Masouna Kochaji is a Communications Coordinator at IRUSA. She recently attending Alternative Spring Break in Flint, MI and shares her experience with ReliefLab.
In early March, I was sent to Flint, Michigan to accompany Howard University students on an alternative Spring Break. Having only heard stories of the conditions in Flint, I was anxious to see what the situation would be. The Howard students would be spending an entire week at various schools in Flint, and work with local students and staff in the classroom. While the students were going to support the community for a week, I’d only be on this trip for two days…and what I saw in those two days dramatically changed my perspective on Flint, Michigan.
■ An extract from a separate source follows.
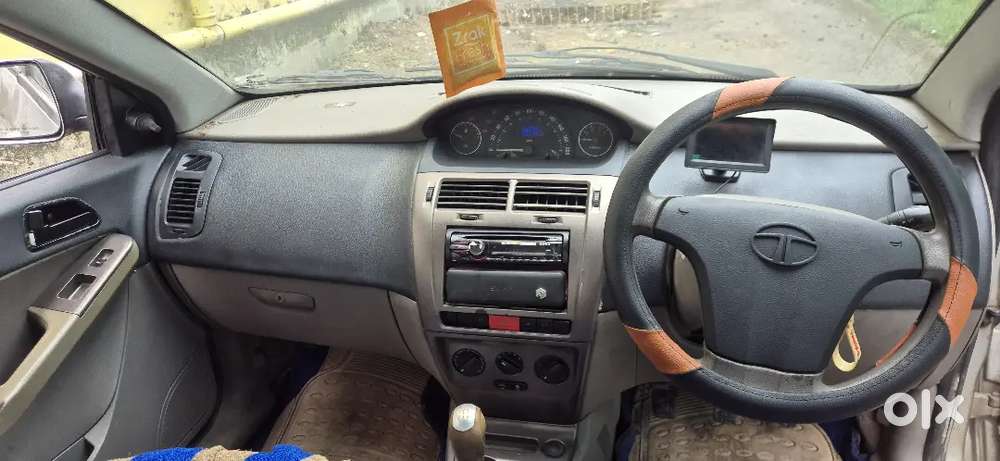 Tata Indica Vista Quadrajet 2014 Diesel Second-owner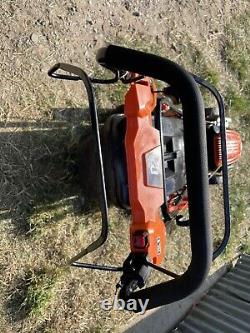 P1 Hyundai Powered 20 51cm Petrol Lawnmower, Self Propelled, 2 Year Warranty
I woke up early on Monday morning, packed the camera gear, and walked outside to begin the hour long drive to Flint. The midwest welcomed me with freezing temperatures and snow. Coming from Virginia, where flurries would close schools, I was concerned the snow would impact the work planned for today. I began my trek through the snow and eventually ended up in Flint. The first school I arrived at was a local high school. I walked down the slushy sidewalk to the front door, and observed the school…it seemed like any other school from the outside. I walked in and met with school security to take me to the meeting room for Howard students. As we walked down the hallway I asked the gentleman if this snow would get the students an early departure, and the only reply he could muster up was laughter. Through a few chuckles he managed to say that the only time schools in Flint close, are when the busses stop working. Already I could see, the folks in Flint meant business and a few inches of snow would be no obstacle.
A few rows of lockers later, I ended up in a dark hallway. The room at the end of the hall was loud and as we entered it, I was struck with lots of IRUSA blue. The Howard students strutting Islamic Relief USA t-shirts were actively discussing college and time management strategies with a classroom of high school students. I spent the remainder of that day following the students around and observing different classes. As the Howard students talked with the Flint students, it was clear Flint, Michigan presented obstacles. These students lack access to clean drinking water, the school system is facing budget cuts, and teachers are exhausted. Many of the classrooms had a lack of energy, an overall lack of motivation, and it was saddening to see that. I spoke with teachers and counselors that day who are so devoted to the success of each and every student. They spend countless hours in and outside of the classroom trying to be the backbone and support to give each student hope to make it beyond Flint.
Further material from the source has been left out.